- _DATA UNDER STUDY_:
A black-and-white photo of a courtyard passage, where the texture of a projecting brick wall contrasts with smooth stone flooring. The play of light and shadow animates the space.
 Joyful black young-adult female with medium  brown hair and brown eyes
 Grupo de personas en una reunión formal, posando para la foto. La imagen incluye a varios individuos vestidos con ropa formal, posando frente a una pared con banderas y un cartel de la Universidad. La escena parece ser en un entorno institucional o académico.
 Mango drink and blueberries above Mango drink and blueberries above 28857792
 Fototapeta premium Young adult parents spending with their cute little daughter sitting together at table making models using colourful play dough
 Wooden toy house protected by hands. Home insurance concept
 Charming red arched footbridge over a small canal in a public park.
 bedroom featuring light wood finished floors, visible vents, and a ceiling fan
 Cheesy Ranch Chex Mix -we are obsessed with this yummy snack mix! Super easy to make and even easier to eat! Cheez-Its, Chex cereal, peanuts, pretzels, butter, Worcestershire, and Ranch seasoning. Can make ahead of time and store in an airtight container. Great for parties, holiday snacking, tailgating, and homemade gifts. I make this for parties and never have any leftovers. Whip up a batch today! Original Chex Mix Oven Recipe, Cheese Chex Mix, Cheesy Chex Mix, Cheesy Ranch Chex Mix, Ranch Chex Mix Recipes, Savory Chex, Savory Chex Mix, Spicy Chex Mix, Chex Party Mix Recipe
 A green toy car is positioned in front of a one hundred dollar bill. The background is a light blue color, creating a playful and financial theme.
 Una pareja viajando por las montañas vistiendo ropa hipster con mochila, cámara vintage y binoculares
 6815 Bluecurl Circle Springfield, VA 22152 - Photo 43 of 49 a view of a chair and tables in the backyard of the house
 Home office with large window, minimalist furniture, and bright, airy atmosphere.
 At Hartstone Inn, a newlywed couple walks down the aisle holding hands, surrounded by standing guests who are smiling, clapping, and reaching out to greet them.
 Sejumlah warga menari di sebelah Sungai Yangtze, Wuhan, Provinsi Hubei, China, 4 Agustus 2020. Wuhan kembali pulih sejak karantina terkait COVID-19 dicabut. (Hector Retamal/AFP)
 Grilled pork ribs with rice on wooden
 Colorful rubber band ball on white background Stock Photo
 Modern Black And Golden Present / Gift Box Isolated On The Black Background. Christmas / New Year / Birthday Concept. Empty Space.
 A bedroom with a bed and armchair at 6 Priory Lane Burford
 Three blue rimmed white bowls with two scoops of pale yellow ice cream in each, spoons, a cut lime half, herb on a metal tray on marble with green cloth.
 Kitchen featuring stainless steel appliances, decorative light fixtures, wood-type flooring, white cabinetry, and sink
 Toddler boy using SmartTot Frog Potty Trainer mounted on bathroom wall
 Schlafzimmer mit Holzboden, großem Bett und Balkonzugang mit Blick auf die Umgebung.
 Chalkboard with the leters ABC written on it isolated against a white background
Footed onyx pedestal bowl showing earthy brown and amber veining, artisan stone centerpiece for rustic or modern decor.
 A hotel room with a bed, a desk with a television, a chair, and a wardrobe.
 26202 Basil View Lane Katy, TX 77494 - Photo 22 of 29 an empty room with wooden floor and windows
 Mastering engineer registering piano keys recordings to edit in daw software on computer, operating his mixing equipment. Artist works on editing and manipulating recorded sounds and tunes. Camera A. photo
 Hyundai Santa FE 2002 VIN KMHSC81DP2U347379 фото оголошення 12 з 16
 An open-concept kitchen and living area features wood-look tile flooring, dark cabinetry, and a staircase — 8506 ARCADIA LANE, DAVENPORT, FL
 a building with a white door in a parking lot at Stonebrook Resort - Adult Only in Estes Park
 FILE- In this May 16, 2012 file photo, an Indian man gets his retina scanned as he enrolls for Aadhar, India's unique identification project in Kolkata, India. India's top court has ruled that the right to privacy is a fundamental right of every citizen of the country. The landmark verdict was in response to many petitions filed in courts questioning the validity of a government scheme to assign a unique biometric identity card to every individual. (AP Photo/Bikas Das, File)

- _YOUR OBJECTIVE_:
Please transcribe the data above without changes, from its first line to its "bedroom featuring light" line, and leave out anything past that.

- _RESULT FOR THIS EXERCISE_:
A black-and-white photo of a courtyard passage, where the texture of a projecting brick wall contrasts with smooth stone flooring. The play of light and shadow animates the space.
 Joyful black young-adult female with medium  brown hair and brown eyes
 Grupo de personas en una reunión formal, posando para la foto. La imagen incluye a varios individuos vestidos con ropa formal, posando frente a una pared con banderas y un cartel de la Universidad. La escena parece ser en un entorno institucional o académico.
 Mango drink and blueberries above Mango drink and blueberries above 28857792
 Fototapeta premium Young adult parents spending with their cute little daughter sitting together at table making models using colourful play dough
 Wooden toy house protected by hands. Home insurance concept
 Charming red arched footbridge over a small canal in a public park.
 bedroom featuring light wood finished floors, visible vents, and a ceiling fan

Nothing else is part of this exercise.